Short text fragments from websites
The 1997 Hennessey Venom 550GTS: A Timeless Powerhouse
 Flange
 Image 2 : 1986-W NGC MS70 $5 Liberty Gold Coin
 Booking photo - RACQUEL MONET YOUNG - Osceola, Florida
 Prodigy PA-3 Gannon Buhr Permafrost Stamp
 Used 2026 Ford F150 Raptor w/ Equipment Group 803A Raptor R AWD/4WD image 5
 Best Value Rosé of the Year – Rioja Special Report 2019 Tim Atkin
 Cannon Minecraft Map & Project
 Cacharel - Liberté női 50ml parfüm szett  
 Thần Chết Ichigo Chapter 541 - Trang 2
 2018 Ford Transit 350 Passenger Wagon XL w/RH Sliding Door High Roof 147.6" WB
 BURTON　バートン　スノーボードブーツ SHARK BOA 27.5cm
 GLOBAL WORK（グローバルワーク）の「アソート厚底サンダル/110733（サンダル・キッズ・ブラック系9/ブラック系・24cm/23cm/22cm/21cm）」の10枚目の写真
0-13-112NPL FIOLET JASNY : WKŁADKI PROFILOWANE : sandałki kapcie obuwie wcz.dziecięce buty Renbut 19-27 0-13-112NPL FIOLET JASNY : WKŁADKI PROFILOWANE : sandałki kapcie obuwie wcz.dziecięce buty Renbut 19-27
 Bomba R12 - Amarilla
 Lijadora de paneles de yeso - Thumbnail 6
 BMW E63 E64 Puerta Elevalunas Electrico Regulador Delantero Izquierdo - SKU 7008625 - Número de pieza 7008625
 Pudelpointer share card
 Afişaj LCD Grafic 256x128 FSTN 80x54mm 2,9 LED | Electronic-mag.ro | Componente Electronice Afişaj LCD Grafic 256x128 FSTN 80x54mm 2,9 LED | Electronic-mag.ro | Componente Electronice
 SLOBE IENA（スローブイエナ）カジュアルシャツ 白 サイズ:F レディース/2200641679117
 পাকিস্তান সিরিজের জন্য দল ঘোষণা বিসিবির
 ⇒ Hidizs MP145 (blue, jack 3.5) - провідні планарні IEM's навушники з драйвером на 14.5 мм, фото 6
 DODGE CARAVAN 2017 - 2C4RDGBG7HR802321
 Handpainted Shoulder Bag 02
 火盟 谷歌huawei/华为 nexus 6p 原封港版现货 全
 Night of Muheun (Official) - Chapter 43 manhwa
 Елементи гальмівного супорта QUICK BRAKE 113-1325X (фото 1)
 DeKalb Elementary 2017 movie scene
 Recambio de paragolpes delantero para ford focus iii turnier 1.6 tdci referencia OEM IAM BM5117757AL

[What this task involves]: Your job is to print exactly the lines that run from the top of the entries through the line with "Used 2026 Ford", and no others.

[Reply to the task]:
The 1997 Hennessey Venom 550GTS: A Timeless Powerhouse
 Flange
 Image 2 : 1986-W NGC MS70 $5 Liberty Gold Coin
 Booking photo - RACQUEL MONET YOUNG - Osceola, Florida
 Prodigy PA-3 Gannon Buhr Permafrost Stamp
 Used 2026 Ford F150 Raptor w/ Equipment Group 803A Raptor R AWD/4WD image 5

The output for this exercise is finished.